Problem: Copy the data below verbatim, leaving no line out.

Entries shown:
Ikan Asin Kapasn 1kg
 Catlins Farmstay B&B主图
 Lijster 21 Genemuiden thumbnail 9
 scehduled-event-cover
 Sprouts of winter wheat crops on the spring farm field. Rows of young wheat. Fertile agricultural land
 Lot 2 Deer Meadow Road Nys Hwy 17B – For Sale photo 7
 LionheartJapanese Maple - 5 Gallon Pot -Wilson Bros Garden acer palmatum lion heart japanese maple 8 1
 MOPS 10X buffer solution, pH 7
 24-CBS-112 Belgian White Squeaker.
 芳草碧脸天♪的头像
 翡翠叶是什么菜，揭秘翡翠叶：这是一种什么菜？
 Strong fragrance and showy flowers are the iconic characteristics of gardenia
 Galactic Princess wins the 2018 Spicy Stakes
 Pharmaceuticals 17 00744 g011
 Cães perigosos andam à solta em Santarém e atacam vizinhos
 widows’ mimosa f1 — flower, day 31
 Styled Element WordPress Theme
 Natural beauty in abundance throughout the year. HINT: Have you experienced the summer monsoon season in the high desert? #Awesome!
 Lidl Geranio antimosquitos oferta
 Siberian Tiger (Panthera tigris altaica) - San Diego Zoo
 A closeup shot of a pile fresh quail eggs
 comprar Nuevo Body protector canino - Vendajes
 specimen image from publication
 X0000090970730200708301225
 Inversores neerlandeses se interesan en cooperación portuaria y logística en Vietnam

Response to this task:
Ikan Asin Kapasn 1kg
 Catlins Farmstay B&B主图
 Lijster 21 Genemuiden thumbnail 9
 scehduled-event-cover
 Sprouts of winter wheat crops on the spring farm field. Rows of young wheat. Fertile agricultural land
 Lot 2 Deer Meadow Road Nys Hwy 17B – For Sale photo 7
 LionheartJapanese Maple - 5 Gallon Pot -Wilson Bros Garden acer palmatum lion heart japanese maple 8 1
 MOPS 10X buffer solution, pH 7
 24-CBS-112 Belgian White Squeaker.
 芳草碧脸天♪的头像
 翡翠叶是什么菜，揭秘翡翠叶：这是一种什么菜？
 Strong fragrance and showy flowers are the iconic characteristics of gardenia
 Galactic Princess wins the 2018 Spicy Stakes
 Pharmaceuticals 17 00744 g011
 Cães perigosos andam à solta em Santarém e atacam vizinhos
 widows’ mimosa f1 — flower, day 31
 Styled Element WordPress Theme
 Natural beauty in abundance throughout the year. HINT: Have you experienced the summer monsoon season in the high desert? #Awesome!
 Lidl Geranio antimosquitos oferta
 Siberian Tiger (Panthera tigris altaica) - San Diego Zoo
 A closeup shot of a pile fresh quail eggs
 comprar Nuevo Body protector canino - Vendajes
 specimen image from publication
 X0000090970730200708301225
 Inversores neerlandeses se interesan en cooperación portuaria y logística en Vietnam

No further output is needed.